▶ _What is needed_
Exactly as they appear below, repeat the lines from the one with "Hey beauties and" through the one with "What else I". Drop every picture.

▶ _Material shown_
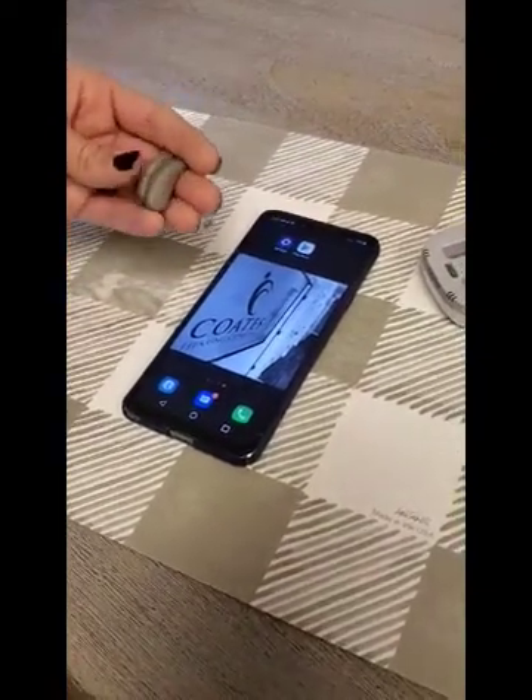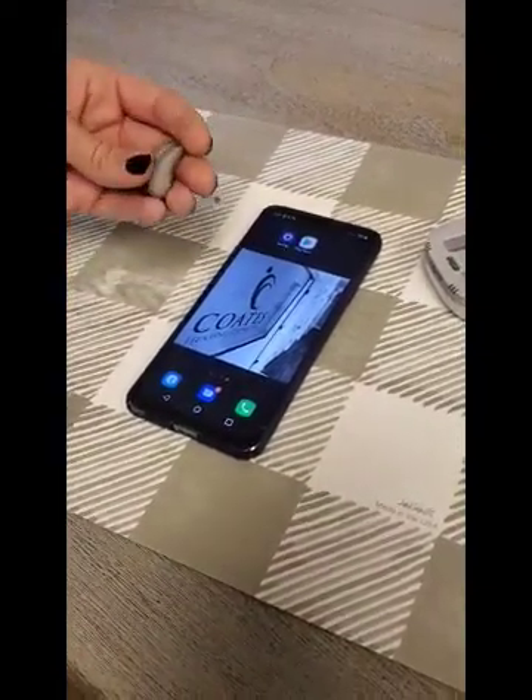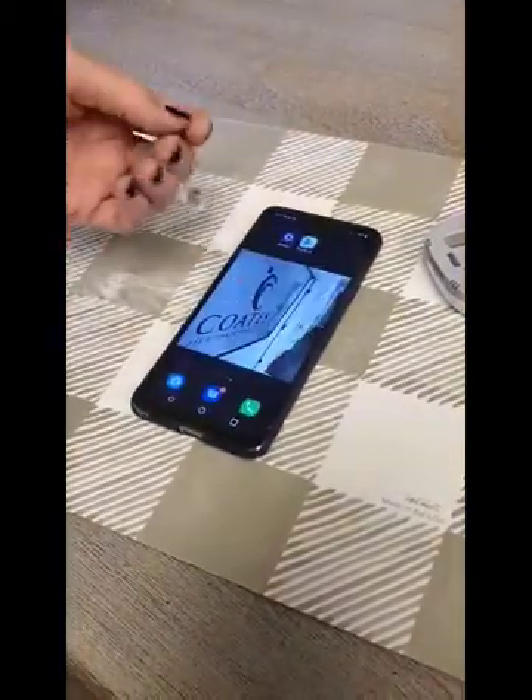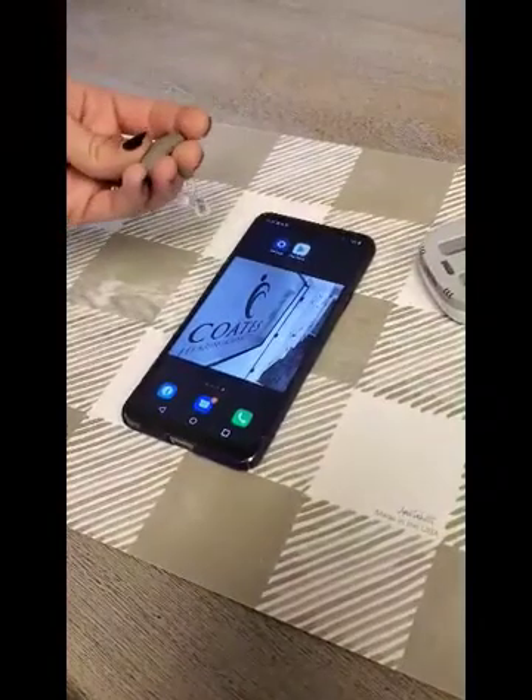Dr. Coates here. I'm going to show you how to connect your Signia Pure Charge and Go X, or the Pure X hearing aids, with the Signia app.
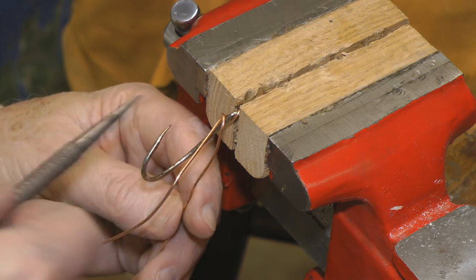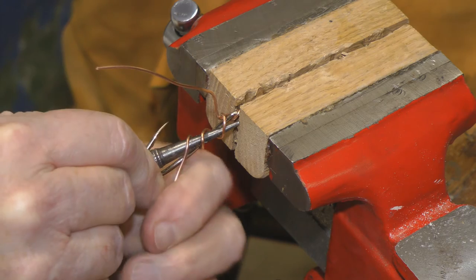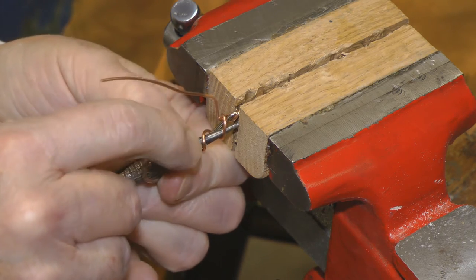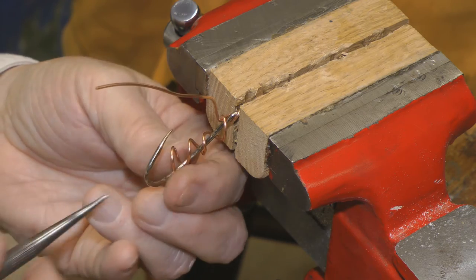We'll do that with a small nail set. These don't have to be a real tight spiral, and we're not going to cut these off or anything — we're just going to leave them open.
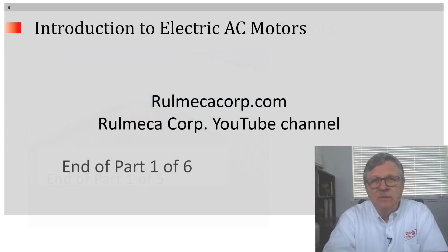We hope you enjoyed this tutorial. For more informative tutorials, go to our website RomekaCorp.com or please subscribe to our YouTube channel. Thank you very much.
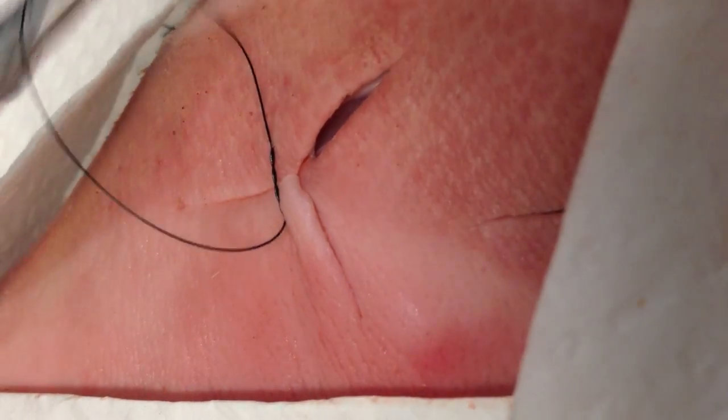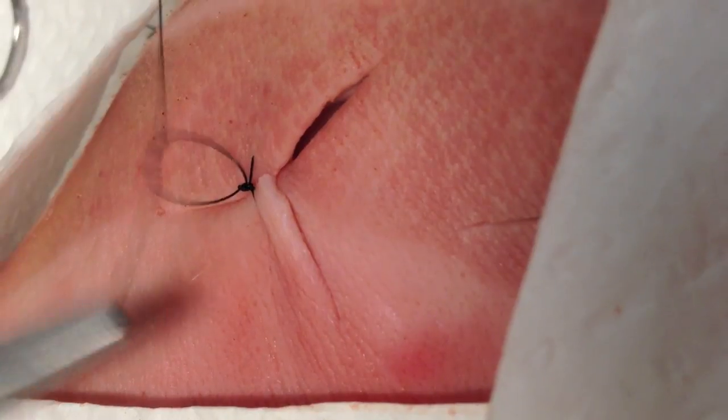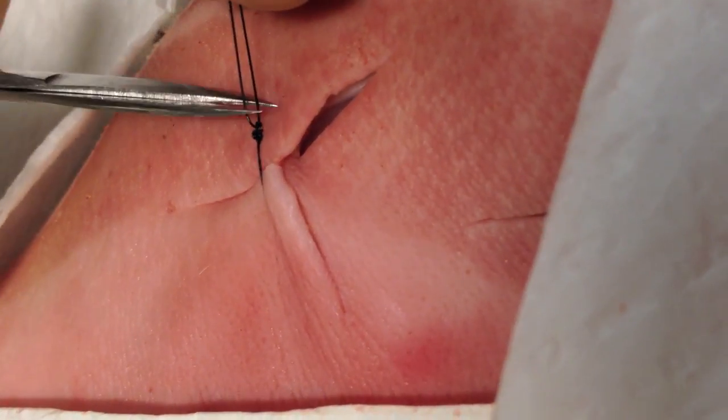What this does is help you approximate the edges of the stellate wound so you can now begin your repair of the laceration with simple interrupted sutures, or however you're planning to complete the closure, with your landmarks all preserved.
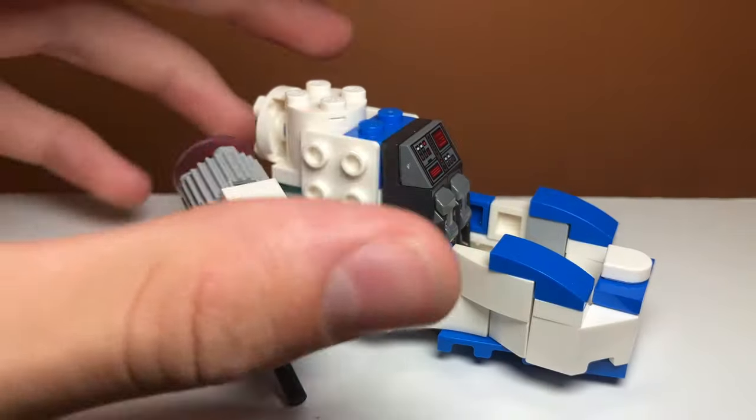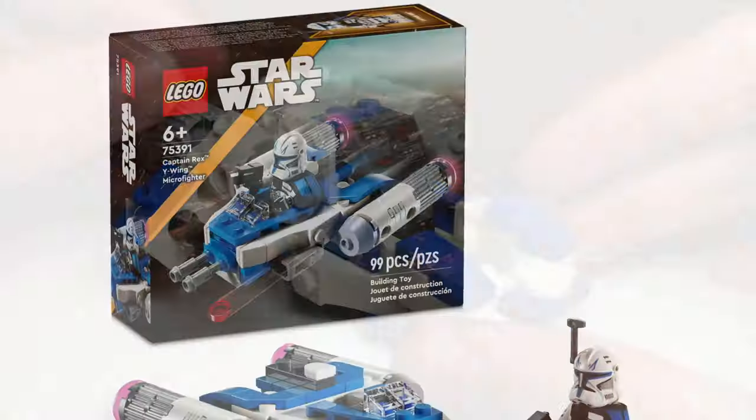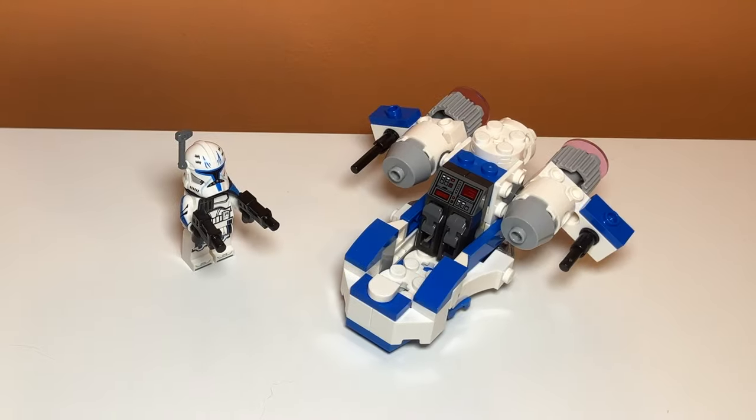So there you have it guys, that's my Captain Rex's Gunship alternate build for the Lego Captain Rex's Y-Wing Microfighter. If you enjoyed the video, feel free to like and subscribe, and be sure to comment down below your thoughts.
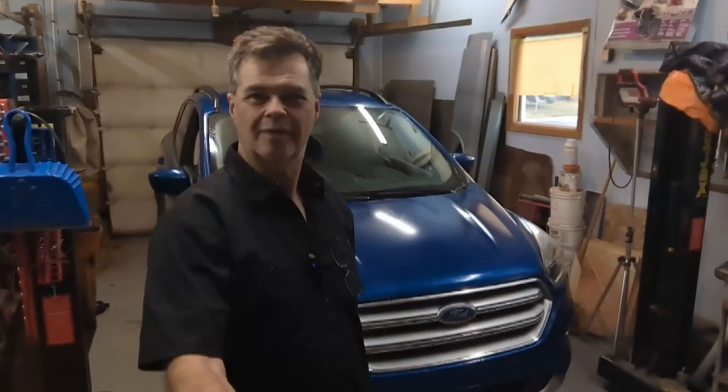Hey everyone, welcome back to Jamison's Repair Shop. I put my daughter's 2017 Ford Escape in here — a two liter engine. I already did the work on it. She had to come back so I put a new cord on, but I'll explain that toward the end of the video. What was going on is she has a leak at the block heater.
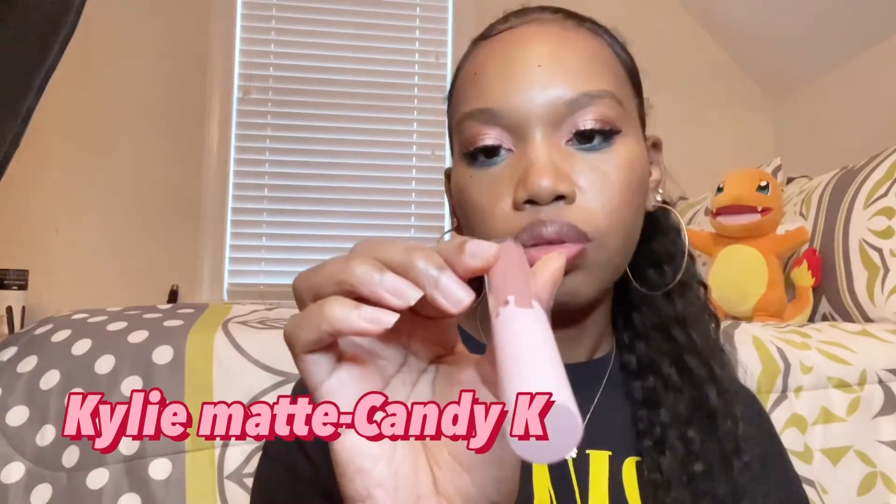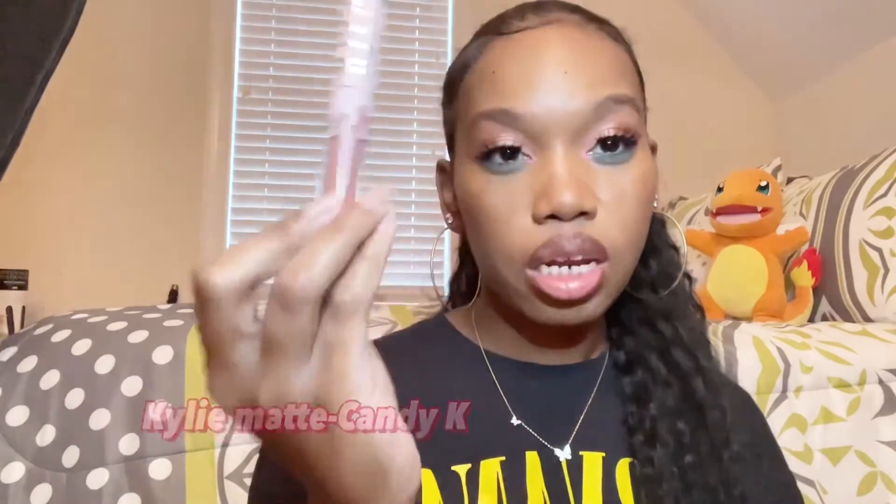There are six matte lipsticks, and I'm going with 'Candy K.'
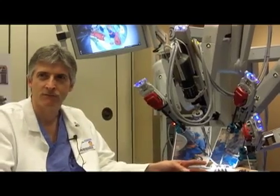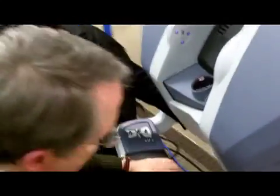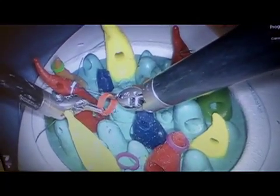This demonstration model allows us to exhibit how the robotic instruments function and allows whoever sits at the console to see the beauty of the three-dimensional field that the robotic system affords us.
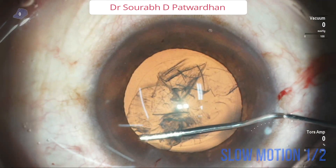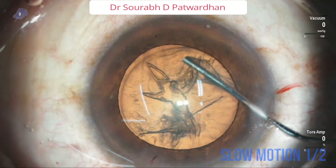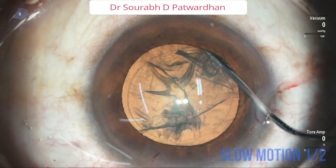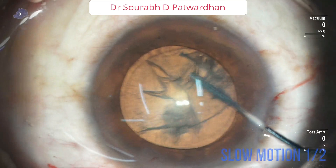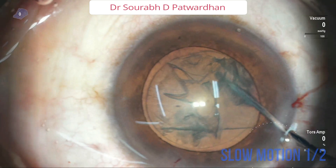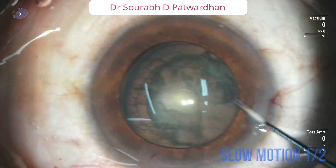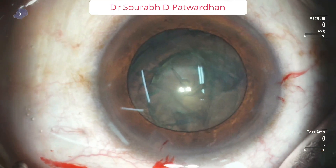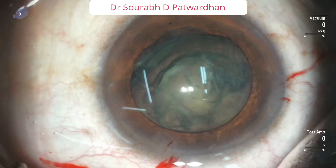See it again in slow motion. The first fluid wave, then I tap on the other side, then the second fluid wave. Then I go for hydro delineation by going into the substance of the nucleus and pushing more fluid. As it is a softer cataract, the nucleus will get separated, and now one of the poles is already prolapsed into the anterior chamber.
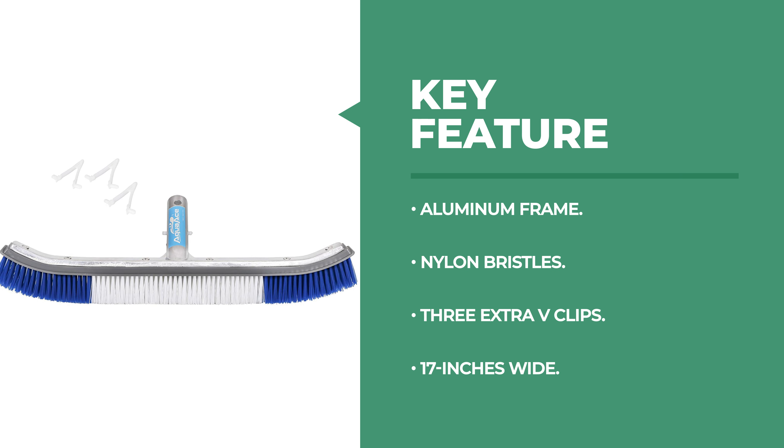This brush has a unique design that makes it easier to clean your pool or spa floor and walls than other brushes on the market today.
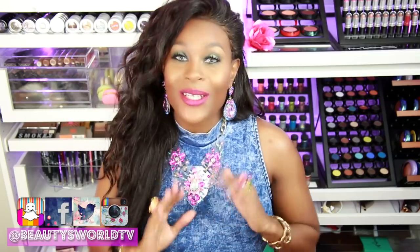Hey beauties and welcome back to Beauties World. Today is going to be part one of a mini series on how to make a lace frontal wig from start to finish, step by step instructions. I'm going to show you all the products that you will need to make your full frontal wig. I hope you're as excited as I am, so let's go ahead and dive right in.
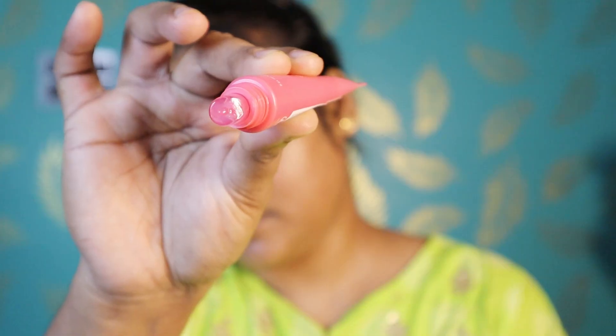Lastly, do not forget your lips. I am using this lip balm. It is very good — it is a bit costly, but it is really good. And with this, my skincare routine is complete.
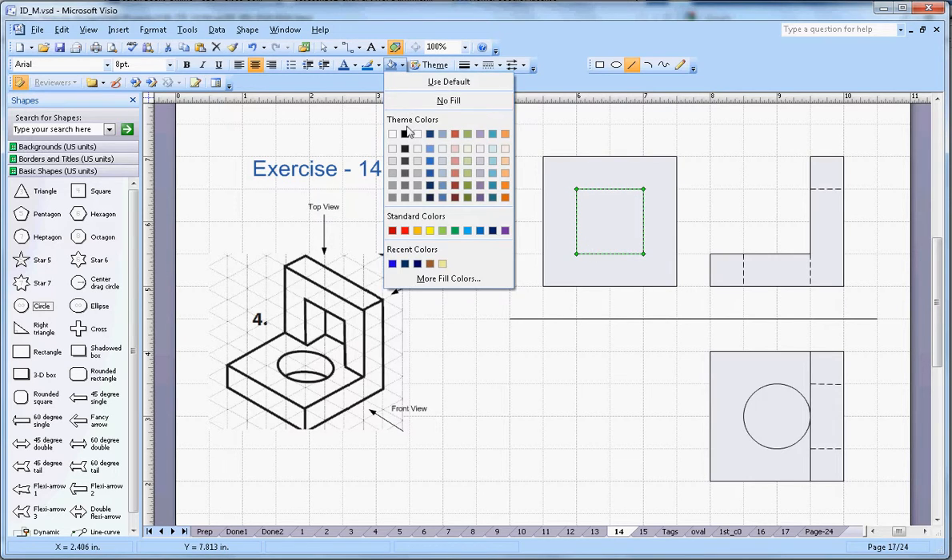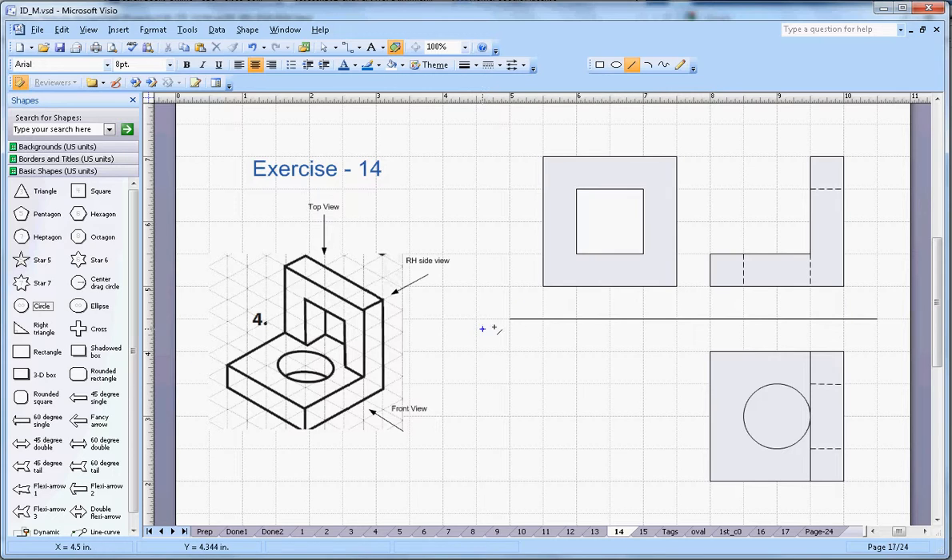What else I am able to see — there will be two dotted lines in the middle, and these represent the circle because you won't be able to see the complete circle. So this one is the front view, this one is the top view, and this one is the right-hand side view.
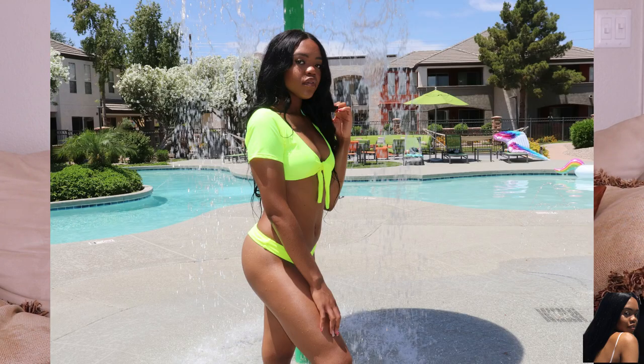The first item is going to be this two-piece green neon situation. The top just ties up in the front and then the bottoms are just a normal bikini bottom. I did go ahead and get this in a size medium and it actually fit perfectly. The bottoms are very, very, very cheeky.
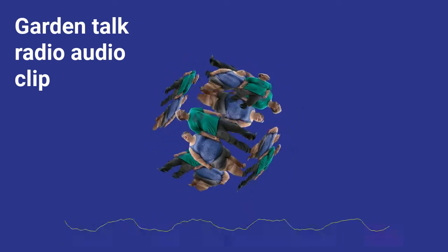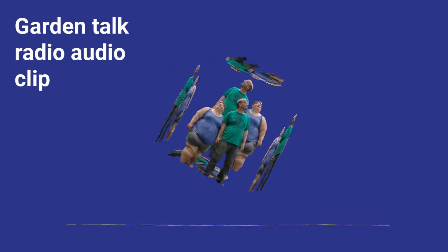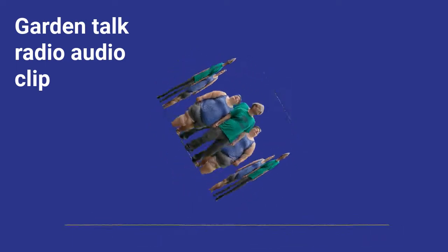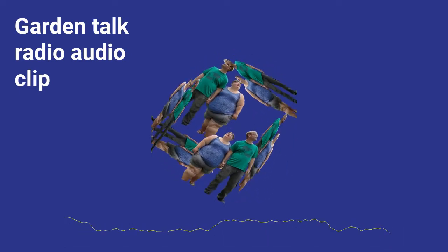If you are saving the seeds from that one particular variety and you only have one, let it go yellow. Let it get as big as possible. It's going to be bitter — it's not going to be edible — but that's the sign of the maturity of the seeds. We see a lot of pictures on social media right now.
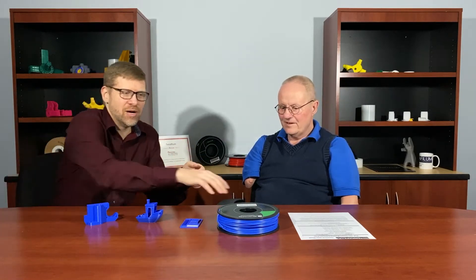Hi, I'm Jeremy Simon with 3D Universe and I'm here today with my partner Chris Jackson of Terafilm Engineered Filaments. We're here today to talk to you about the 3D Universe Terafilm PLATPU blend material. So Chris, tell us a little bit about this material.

▶ _Output_
Hey beauties and welcome back to Beauties World. Today is going to be part one of a mini series on how to make a lace frontal wig from start to finish, step by step instructions. I'm going to show you all the products that you will need to make your full frontal wig. I hope you're as excited as I am, so let's go ahead and dive right in.
Lastly, do not forget your lips. I am using this lip balm. It is very good — it is a bit costly, but it is really good. And with this, my skincare routine is complete.
What else I am able to see — there will be two dotted lines in the middle, and these represent the circle because you won't be able to see the complete circle. So this one is the front view, this one is the top view, and this one is the right-hand side view.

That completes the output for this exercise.